In a normal situation, there is a decrease in temperature with altitude in the Troposphere. It decreases by 1 degree Celsius with every 165 meters of altitude i.e. 6.4 degree Celsius at 1 km altitude. The process is known as Normal Lapse Rate.
However, sometimes this process gets just reverse due to geological conditions for that particular area. Which means temperature starts increasing instead of decreasing with altitude and the process is known as Inversion of Temperature. As a result in Troposphere, a layer of cool air at the surface is over the line by a layer of warmer air. For inversion of temperature following geological conditions are helpful, these are —
- Long Nights: outgoing radiation is greater than the incoming radiations.
- Clear Sky: allow the unobstructed escape of radiations.

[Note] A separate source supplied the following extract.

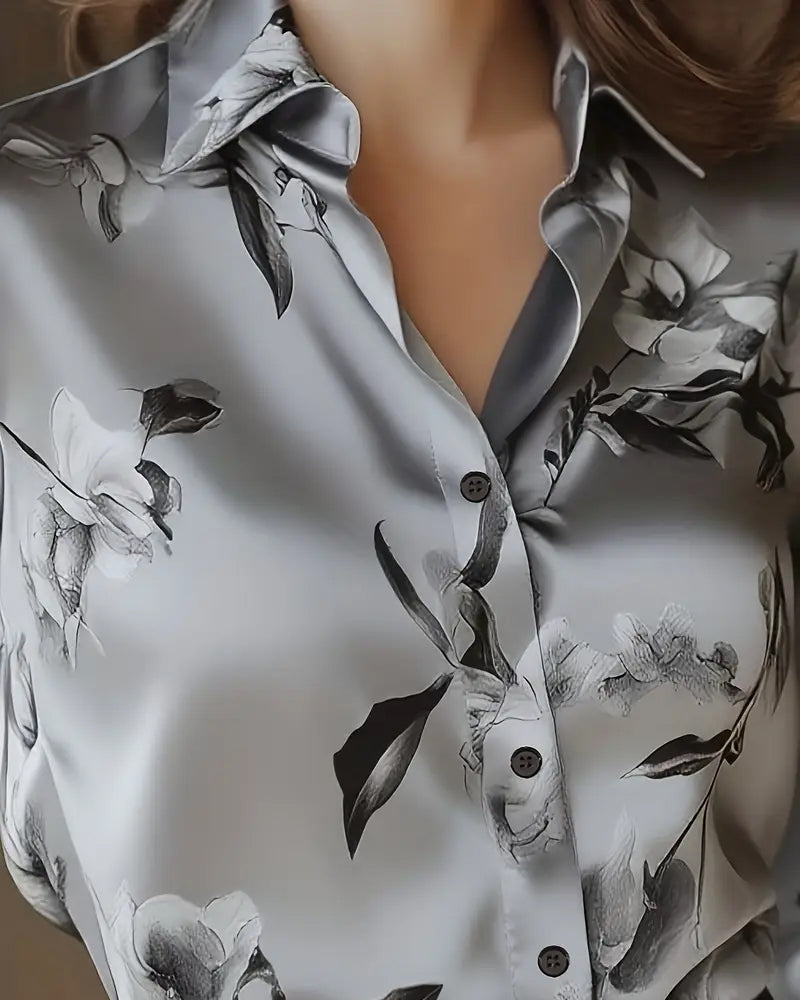 Chemise Style Rétro Imprimé Floral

- Calm Air: no vertical mixing at a lower level.
- The slope of Vally.
- The entrance of Cold Air Masses.
- Snow Covered Regions.
In the presence of all the above geological conditions, at a particular area, one can find the increase in temperature with the increase in altitude instead of a decrease in temperature. And above all mentioned geological conditions provide the reason for inversion of temperature.
This inversion of temperature generally occurs in the Mountainous region, polar region, and in the winter season. In mountains, it occurs because of the slope elevation, in the polar region due to the cold surface and in winters, due to a long cold night and clear sky. Thus, inversion of temperature broadly classified into four types, are as follows —
- Surface or ground inversion of temperature.
- Upper surface or subsidence inversion of temperature.
- Advectional or frontal inversion of temperature
- Air drainage type of inversion or temperature inversion in intermontane valley.
At last, it could be concluded with the facts that yes it happens. Temperature sometimes increases with the increase in altitude due to the above mentioned geological conditions for that particular area.